マキナも最初から心配などしていないが、その陽気な様子に釣られ元気な返事を返した。
「こう言っては今更なんだけど……怖くはない?私は医者でも僧侶でもない……どちらかといえば外法師や禁術使いに近い碌でもない奴だ。そんな奴に身体を預けるのは気が気でないよね?」
そんな様子を見てフルーフはポリポリと頬を掻き、今更すぎる質問をした。
「いえ、心配なんてしていません。だって貴方はアインのお母さんで……――だと知っていますから」
それは余りにもフルーフにとって重く偉大すぎる名前。
大方アインから聞いたのだろうが……まさかこんな所で聞くとは思っていなかった。
しかし、まぁ……一度も名乗ったことのない名乗りだが。
こんな時だからこそ名乗るべきかとフルーフは考える。
それでマキナを少しでも安心させられるならと、フルーフは嘗ての師であり恩人を真似て名乗りを上げる。
「はは、参ったね。だけどそうだね名乗るならこういう時しかないか……。安心しなさいお嬢さん、なんたってこの私……フルーフ様は……

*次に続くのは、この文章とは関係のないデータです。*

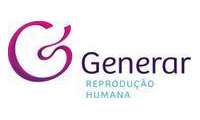 Logo Clínica Generar - Reprodução Humana em Floresta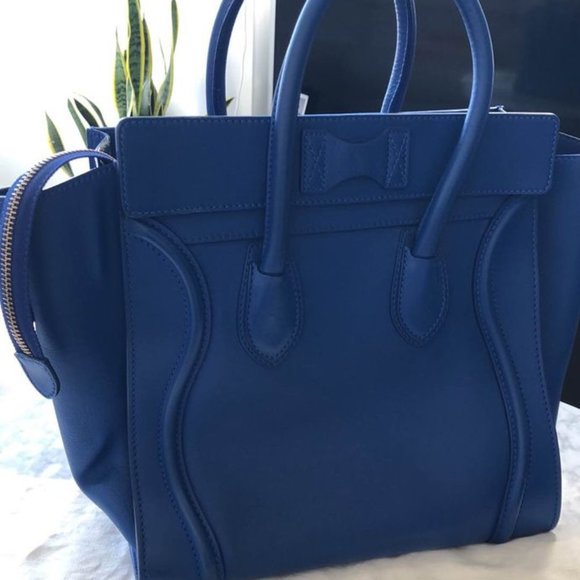 Celine Mini Luggage - Picture 5 of 5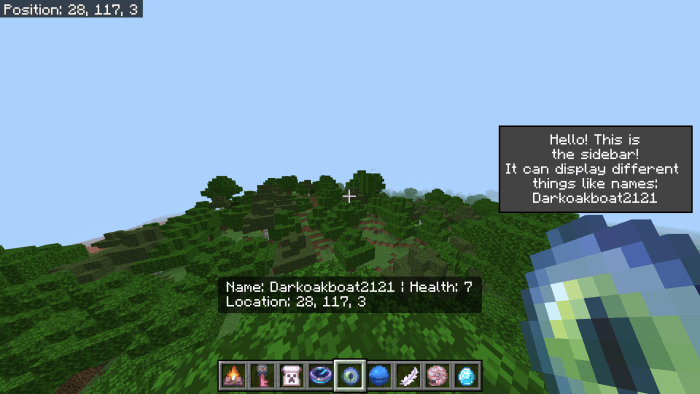 Darkoak Essentials () — screenshot 2
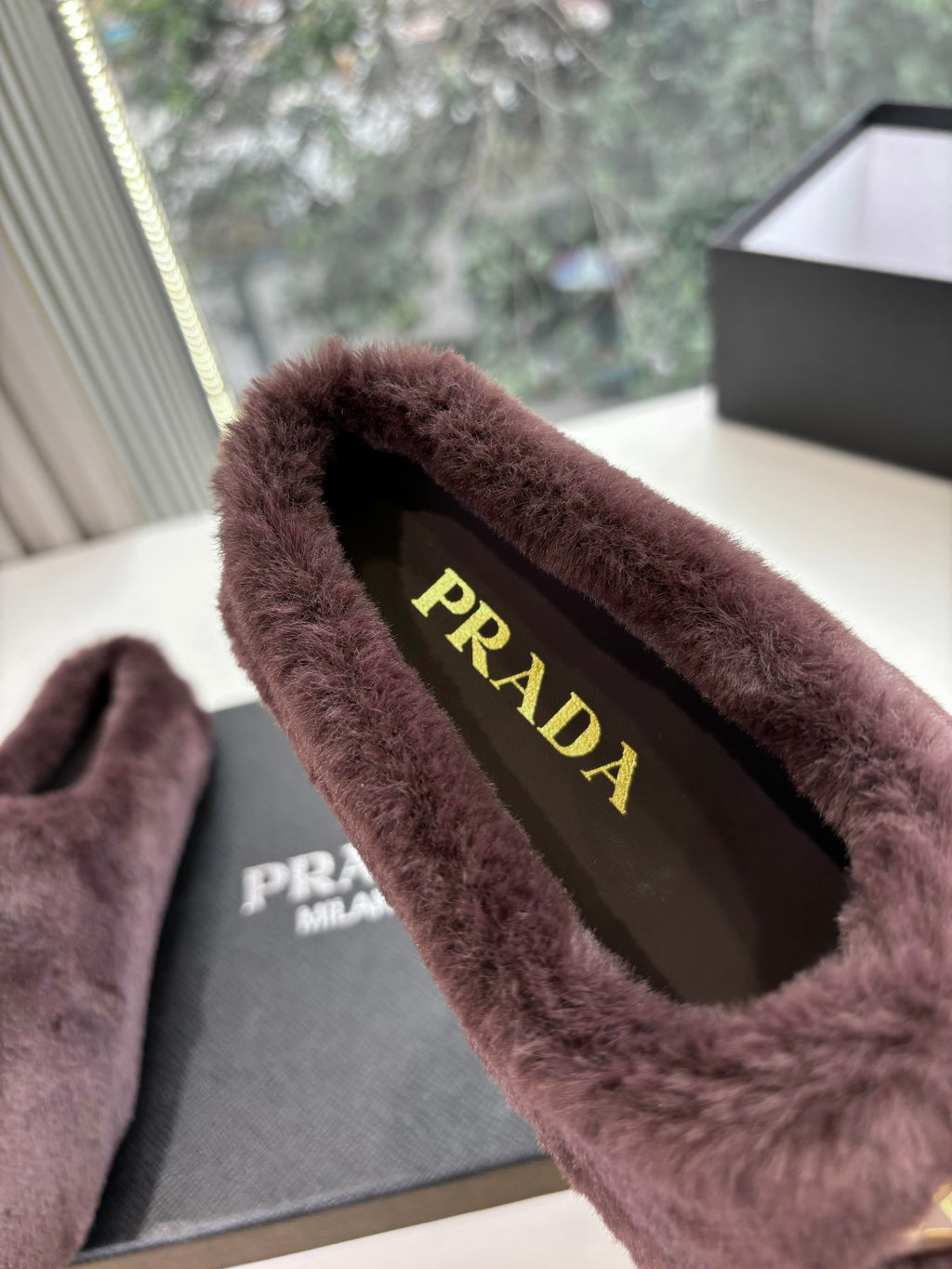 Prada Slipper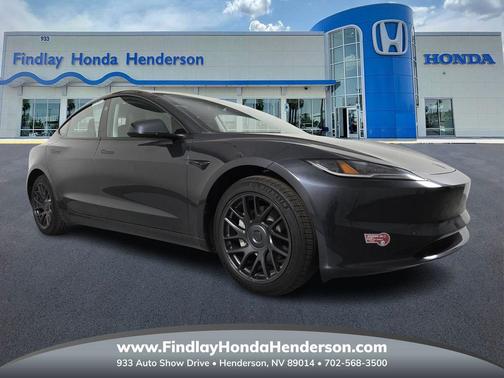2024 Tesla Model 3 Long Range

――かの大魔法使いフランメの愛弟子だ。失敗なんてあり得ない」
「心強いお言葉です」
フランメの名前を出した以上失敗は許されない。
彼女の名を汚すことはフルーフにとって最大級の大罪だ。
だからこそ気が引き締まるというもの。
術式は既に法陣に刻まれ、生贄となる命の準備も整えている。
後はフルーフ自身が調整をミスしないよう出力を絞るだけ。
フルーフは杭のようなものを片手に握り天高く掲げる。
「さぁ、ではいってみようかッ!大丈夫――意識はすぐに……吹っ飛ぶさッッッ!」
そしてそれは勢いよくマキナの心臓部を狙い振り下ろされる。
杭が刺さった瞬間……法陣全体から赤黒い閃光が迸った。